- [WHAT IS REQUIRED] An exact copy of the lines from the one containing "Sky Pool,wi-fi,netflix, Bts" through the last line below is required; include both of those lines and no others.

- [EXERCISE DATA]
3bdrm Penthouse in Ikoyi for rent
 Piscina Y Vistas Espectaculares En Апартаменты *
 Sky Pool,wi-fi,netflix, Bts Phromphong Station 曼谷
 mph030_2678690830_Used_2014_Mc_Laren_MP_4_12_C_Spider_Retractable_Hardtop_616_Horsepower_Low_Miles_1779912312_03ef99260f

- [PROBLEM SOLUTION]
 Sky Pool,wi-fi,netflix, Bts Phromphong Station 曼谷
 mph030_2678690830_Used_2014_Mc_Laren_MP_4_12_C_Spider_Retractable_Hardtop_616_Horsepower_Low_Miles_1779912312_03ef99260f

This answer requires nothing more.